Colleen: – So you say you have 100 women in your Excel sheet and you narrow it down to 31.
How did you go about picking which women would be in the book?
Lori: Well, I had a
couple of different, well, obviously, not obviously, I really wanted, I tried to make
sure to make it as diverse as possible because, you know, like, I need to use my
voice to promote women in other countries and other ethnicities and other fields and
whatnot. But A lot of it came down to the availability of information to me,
and now I do my research process is really multi -layered. I started out with the
internet, but the internet you can never trust. So the internet I used to give
ideas, right? And from there I go to book, rare book rooms and archives and blah,
blah, blah, blah, and a lot of the women had maybe no mentions in the
New York Times archive, or there was maybe a book written about them 50 years ago.
So for those women, I just had to give up the quest for this particular book,
because if I were writing just a regular biography, I would travel,
and I would go further. But with 31 women, I had to give myself some limitation.

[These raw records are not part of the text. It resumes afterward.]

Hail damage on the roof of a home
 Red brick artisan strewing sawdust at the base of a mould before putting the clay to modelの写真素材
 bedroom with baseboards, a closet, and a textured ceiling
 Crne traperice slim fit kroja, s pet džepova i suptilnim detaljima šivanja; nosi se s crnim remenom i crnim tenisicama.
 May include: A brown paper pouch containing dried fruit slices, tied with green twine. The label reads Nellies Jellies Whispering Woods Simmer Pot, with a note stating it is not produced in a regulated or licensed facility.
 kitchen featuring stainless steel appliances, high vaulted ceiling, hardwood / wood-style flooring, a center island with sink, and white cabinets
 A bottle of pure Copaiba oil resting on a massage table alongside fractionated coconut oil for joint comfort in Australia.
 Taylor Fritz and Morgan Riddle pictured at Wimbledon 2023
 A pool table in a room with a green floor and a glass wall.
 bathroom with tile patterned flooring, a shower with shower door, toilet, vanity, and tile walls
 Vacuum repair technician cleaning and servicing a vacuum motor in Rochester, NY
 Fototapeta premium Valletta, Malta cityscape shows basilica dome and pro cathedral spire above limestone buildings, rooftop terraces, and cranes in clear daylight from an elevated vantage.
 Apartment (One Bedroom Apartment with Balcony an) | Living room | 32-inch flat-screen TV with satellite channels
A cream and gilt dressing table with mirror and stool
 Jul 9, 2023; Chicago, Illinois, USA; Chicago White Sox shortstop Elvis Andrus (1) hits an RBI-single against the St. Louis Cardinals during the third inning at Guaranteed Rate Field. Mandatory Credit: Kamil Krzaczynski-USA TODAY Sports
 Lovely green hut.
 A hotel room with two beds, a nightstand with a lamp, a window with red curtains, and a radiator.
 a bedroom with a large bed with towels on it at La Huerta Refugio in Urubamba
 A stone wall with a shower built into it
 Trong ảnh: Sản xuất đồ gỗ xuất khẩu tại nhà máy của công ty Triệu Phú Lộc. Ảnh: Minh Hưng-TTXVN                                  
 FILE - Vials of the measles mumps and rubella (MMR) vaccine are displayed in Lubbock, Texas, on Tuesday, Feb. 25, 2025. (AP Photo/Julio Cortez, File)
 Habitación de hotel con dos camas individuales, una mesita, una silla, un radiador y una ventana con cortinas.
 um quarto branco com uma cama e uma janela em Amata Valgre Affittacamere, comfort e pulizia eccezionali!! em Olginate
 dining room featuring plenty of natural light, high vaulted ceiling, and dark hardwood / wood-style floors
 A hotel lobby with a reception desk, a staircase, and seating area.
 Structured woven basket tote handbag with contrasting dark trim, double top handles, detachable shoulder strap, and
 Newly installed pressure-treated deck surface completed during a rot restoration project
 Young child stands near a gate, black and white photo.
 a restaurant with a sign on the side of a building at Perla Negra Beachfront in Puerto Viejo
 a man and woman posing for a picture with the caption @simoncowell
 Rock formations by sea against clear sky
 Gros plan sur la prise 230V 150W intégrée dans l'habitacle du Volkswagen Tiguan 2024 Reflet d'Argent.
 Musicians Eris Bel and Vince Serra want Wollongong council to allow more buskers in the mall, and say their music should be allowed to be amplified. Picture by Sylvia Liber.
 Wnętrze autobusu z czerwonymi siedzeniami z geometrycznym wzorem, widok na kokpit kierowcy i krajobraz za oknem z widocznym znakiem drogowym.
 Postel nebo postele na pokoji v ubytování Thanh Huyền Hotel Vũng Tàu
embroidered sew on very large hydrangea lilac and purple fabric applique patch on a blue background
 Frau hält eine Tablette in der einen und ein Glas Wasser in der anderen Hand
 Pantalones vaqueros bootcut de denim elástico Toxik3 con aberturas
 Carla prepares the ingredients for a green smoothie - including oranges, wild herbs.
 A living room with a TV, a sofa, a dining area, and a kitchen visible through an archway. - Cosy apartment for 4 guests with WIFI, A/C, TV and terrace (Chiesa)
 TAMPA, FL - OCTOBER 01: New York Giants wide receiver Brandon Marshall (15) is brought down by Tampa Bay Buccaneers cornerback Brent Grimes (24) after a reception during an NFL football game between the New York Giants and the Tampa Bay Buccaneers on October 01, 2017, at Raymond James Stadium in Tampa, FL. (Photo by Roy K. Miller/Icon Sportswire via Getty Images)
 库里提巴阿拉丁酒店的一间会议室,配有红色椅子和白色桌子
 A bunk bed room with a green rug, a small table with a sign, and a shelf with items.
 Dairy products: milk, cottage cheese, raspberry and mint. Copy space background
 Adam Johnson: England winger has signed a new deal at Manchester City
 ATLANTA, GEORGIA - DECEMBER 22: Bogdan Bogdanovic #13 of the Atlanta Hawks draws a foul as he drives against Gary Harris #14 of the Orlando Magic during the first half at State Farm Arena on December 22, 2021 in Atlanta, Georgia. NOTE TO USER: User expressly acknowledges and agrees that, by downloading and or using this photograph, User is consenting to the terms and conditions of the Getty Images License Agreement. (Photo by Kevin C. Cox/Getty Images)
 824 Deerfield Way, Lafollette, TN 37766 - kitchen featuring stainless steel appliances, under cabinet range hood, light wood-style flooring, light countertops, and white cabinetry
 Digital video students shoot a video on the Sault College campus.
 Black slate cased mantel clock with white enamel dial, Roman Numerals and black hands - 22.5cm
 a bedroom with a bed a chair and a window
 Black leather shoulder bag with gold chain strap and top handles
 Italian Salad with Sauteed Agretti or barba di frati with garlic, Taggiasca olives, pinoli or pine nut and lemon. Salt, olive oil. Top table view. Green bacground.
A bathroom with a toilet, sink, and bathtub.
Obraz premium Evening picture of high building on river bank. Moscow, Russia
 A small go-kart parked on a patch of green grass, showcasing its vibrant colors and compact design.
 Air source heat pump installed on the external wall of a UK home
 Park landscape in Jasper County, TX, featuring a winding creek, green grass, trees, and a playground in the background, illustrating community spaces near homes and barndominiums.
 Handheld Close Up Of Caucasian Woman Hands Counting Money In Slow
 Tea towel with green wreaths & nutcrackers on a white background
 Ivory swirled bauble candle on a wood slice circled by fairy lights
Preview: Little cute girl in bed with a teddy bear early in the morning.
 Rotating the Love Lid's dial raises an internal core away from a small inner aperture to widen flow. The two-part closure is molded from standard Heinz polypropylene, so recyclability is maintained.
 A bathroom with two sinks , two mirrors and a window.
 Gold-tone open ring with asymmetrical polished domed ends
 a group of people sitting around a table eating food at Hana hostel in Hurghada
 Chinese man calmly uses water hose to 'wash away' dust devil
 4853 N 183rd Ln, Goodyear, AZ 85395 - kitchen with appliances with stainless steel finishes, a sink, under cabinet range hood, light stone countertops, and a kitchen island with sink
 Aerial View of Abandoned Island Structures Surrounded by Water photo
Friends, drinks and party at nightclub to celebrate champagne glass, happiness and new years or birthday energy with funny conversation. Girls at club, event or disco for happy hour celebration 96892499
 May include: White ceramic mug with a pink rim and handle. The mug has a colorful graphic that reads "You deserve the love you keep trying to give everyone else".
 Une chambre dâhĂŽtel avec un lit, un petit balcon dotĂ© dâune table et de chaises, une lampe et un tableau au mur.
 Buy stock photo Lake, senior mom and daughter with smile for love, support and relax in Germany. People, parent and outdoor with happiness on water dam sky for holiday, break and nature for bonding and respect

And I also, I know that there are some other really fabulous books out there about
female artists in different, you know, there are some that are just general,
some that are focused on New York City, and those are wonderful, but I wanted to
include some other women that were in the creative arts as well, because
although I kind of have personally like evolved around the art world, I’m not an
artist. And I think that like, what I do is just as important as an artist. And
that the same for these, these women. So I tried to go with like, writing and
music and performance and architecture and design, as well as artists.
Bridgett: Yeah, that was something I really enjoyed about your book is that it was so
diverse, that we got to hear about so many different women that were from all over.
And another thing that stood out to me, which it’s not surprising, is the number of
men that took credit for the work of so many women. How, how were you able to
really, I mean, you just talked about how you researched, but how could you find
out how, you know, they had to really dig to get to, to get their really,
their real story out. I can’t even talk. I’m so mad about it, I can’t even talk.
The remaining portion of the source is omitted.